2014/03/16

Weekly Ketchup 11 - Direction vs. Management

These past three days had been rather busy for me, work-wise. I directed a photo shoot for a client's advertising and marketing campaign. I got to work with an awesome photographer who, as cliche as this may sound, really brought to life the ideas in my head.

The experience gave me an insight into the relationship between a film director and a cinematographer. Although I had a dictionary definition of each other's scope of work in a film set, I never had a working knowledge about the difference between the two disciplines - until I found myself giving our photographer directions about what I wanted to see and then let him masterfully wove light, shadow, and depth to give me the photos that I needed.

I get it now!
Thankfully, this was our second campaign for the client and we also booked the same photographer as the last time, so there's already a level of familiarity that made the workload a bit smoother and easier than the first time. Of course, that doesn't necessarily mean things went off without any glitches.

While I was essentially on board the project as creative director, my previous training in production management constantly kicked in and I found myself micro-managing every aspect of the shoot, including logistics, which was supposed to be the client's responsibility. Because we were trying to accomplish more than 50 sets of photos in different rooms with different groups of people over a period of three 12-hour days, I often had to serve as vanguard and prep the next location before our photographer came in, which was the system we worked with in our previous project.

I'm seriously awed by how they control the lighting of their set.
However, as director, I really shouldn't leave my set. That was a mistake I learned from the very first set that we shot. I left to prep the next set and someone from the client side thought they could supercede my direction, so they took a photo that I would never use in the campaign. We ended up re-shooting the damn thing on the very last day. Time and effort wasted but lesson learned.

If that sounds like a rookie mistake, that's because it is. It was, after all, my first time to handle directorial duties. However, when it comes to production management, I'm your man. That much, I can take pride in. I knew how to control my sets, isolate variable elements, and give our team a controlled environment to work in.

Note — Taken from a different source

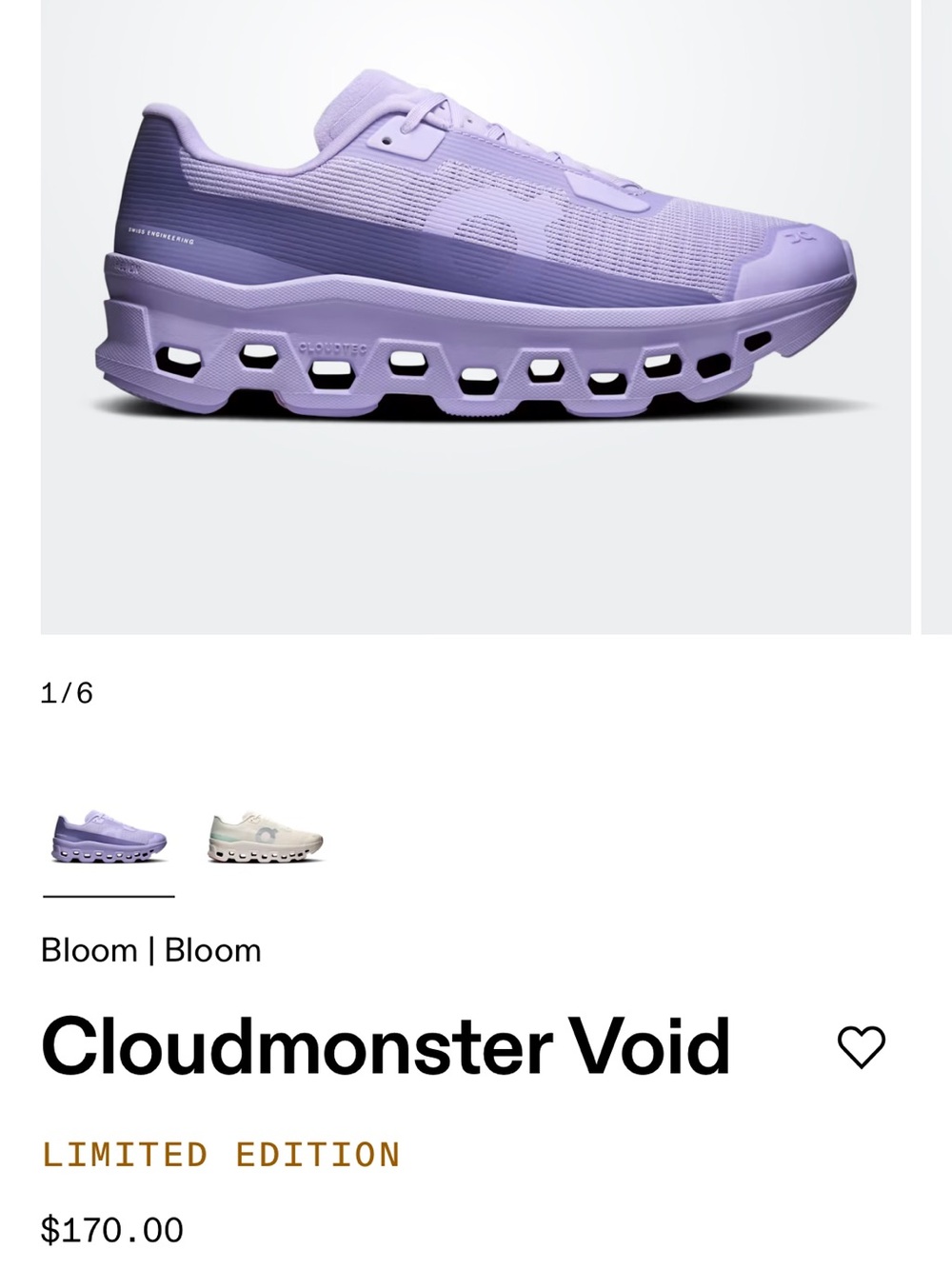 On Cloudmonster Void Womens Limited Edition Sz 8.5 in Bloom Colorway As New!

Production work is as close to military dictatorship as it gets.
There were several instances when pre-determined locations suddenly weren't available and I practically dictated to the client which alternative locations I preferred to shoot in instead of waiting for them to decide. In one instance, they did offer an alternative but, knowing that the location wasn't conducive for the type of shoot I wanted to do, I strongly insisted on another specific location, which was ultimately granted. I feel that in those instances, the creative director and production manager part of my brain were working in tandem.

One thing I learned about myself throughout the whole process was that I'm quick on my feet when it comes to creative direction but I make crappy decisions on the spot as production manager. Is it the nature of the job? As director, I had to make something out of what is immediately in front of me. As manager, I needed to know everything beforehand. In production management, especially in events, one of the very first things that we learned is to gain control of every aspect of production, which meant that we had to adopt a "begin-with-the-end-in-mind" mentality.

Get it?
My experience as a student leader in college also inculcated that line of thinking, and I've thankfully developed a sense of foresight that helps me weed out "unforeseen circumstances". But I also have the foresight to know that no matter what I do, there will always be "unforeseen circumstances". I even have the foresight to realize that the commands I barked on the spot were stupid and reversed them before they did any damage, which served us well during the shoot.

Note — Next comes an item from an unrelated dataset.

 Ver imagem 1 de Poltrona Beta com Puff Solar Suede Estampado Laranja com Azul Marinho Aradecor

On a somewhat related note, we had a meeting with another client - a project management specialist - who brought up a very interesting insight: Apparently the strict, follow-instructions-to-the-dot approach to project management is more closely followed in engineering, construction, and other rigid industries and is hardly used in the creative disciplines, which follows a more flexible approach to project management. In my head, I was like "Bitch, unless you've actually managed live productions and events, your understanding is theoretical!"


Also this week: I bought a new game from Google Play! Venture Towns is a simulation game from Kairosoft similar to Sim City. It was on sale as part of the Play Store's 2nd anniversary promote, so I thought I'd snatch it. So far, I've been loving it - I even played it on breaks during the shoot!

Hmm, now that I think about it, I wonder if there's a correlation between my preference for third-person POV RPGs, simulations, and strategy games and my "seeing the big picture" approach to production management.